*** Opening Provided data ***

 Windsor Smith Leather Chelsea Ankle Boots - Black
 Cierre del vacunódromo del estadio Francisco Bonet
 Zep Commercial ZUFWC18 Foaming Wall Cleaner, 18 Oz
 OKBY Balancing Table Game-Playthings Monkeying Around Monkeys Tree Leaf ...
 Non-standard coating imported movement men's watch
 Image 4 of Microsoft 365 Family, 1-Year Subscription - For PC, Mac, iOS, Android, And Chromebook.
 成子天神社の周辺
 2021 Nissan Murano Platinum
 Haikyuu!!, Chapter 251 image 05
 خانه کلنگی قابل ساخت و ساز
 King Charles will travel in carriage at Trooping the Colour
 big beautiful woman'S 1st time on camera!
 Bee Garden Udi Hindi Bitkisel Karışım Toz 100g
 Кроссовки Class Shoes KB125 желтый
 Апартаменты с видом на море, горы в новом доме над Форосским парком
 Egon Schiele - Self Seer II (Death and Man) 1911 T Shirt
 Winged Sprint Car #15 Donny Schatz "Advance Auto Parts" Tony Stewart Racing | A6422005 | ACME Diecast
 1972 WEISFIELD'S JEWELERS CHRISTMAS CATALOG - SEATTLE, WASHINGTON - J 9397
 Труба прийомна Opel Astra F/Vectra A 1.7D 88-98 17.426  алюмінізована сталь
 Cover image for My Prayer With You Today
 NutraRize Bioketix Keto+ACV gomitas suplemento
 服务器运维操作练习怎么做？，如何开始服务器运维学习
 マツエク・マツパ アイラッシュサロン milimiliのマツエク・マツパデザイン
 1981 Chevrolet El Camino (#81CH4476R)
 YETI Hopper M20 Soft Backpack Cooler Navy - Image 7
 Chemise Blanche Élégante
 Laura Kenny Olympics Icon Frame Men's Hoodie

*** Closing Provided data ***

◆ **Work required**
Set down, unchanged, only those lines above that fall between the line with "Bee Garden Udi" and the line with "Cover image for My Prayer With You Today", the two end lines included.

◆ **Your response**
 Bee Garden Udi Hindi Bitkisel Karışım Toz 100g
 Кроссовки Class Shoes KB125 желтый
 Апартаменты с видом на море, горы в новом доме над Форосским парком
 Egon Schiele - Self Seer II (Death and Man) 1911 T Shirt
 Winged Sprint Car #15 Donny Schatz "Advance Auto Parts" Tony Stewart Racing | A6422005 | ACME Diecast
 1972 WEISFIELD'S JEWELERS CHRISTMAS CATALOG - SEATTLE, WASHINGTON - J 9397
 Труба прийомна Opel Astra F/Vectra A 1.7D 88-98 17.426  алюмінізована сталь
 Cover image for My Prayer With You Today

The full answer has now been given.